**Task to carry out:**
Starting from the line with "Second exercise is" and going up to and including the line with "Oh, my gosh, so", copy the listing below exactly. Leave all images out.

**Task material:**
[Start of section]

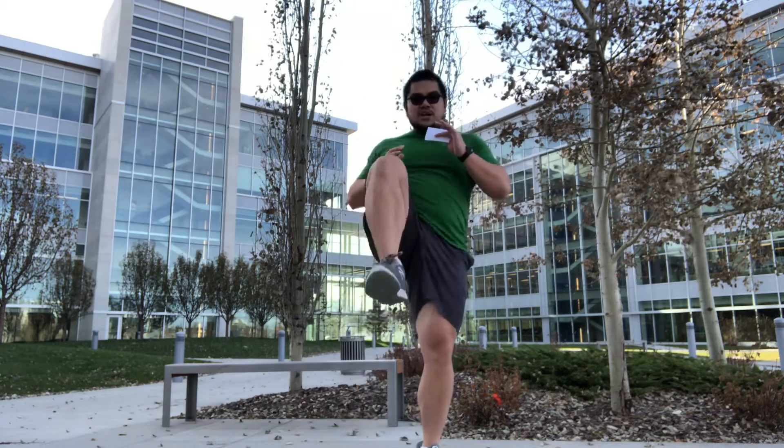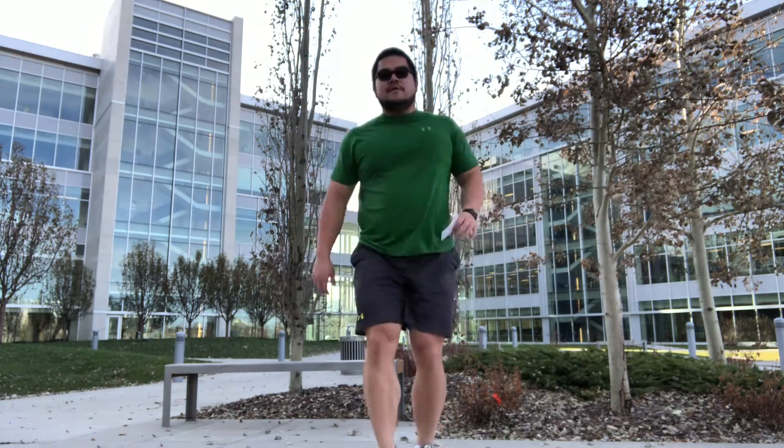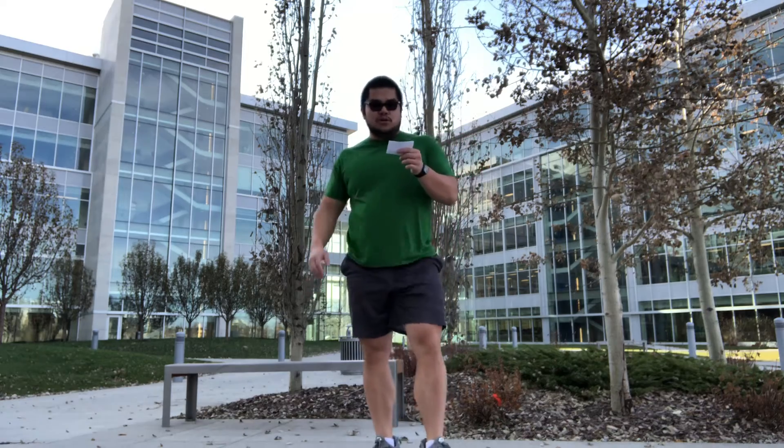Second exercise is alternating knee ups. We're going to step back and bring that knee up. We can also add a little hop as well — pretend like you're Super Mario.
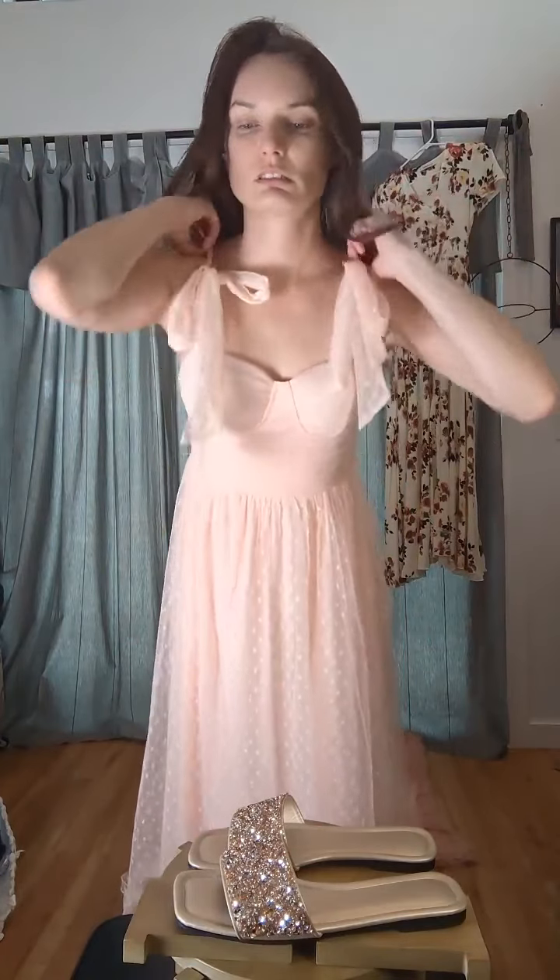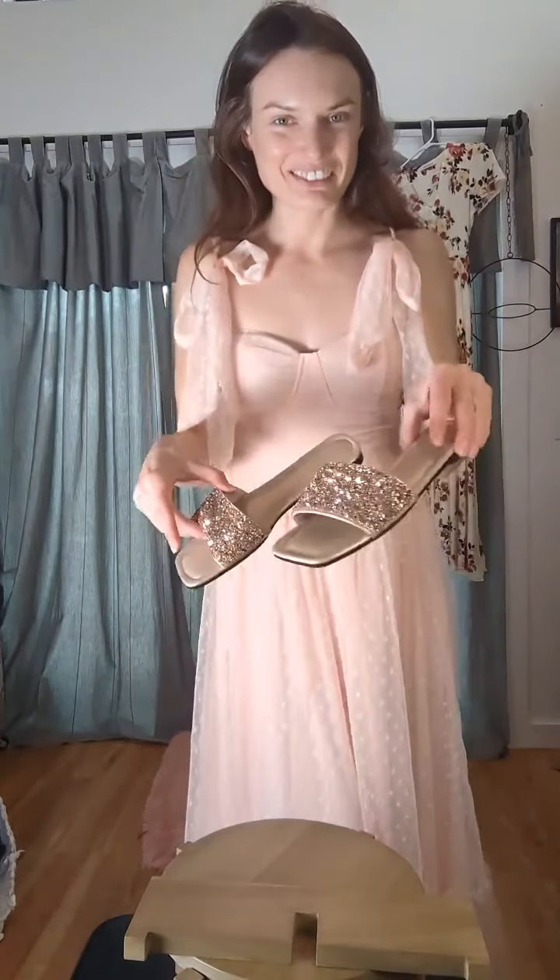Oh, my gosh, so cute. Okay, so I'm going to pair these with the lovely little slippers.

[End of section]
[Start of section]

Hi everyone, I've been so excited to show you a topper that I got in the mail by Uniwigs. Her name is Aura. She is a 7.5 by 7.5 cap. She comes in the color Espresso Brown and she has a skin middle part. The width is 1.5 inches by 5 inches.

[End of section]

**Response:**
Second exercise is alternating knee ups. We're going to step back and bring that knee up. We can also add a little hop as well — pretend like you're Super Mario.
Oh, my gosh, so cute. Okay, so I'm going to pair these with the lovely little slippers.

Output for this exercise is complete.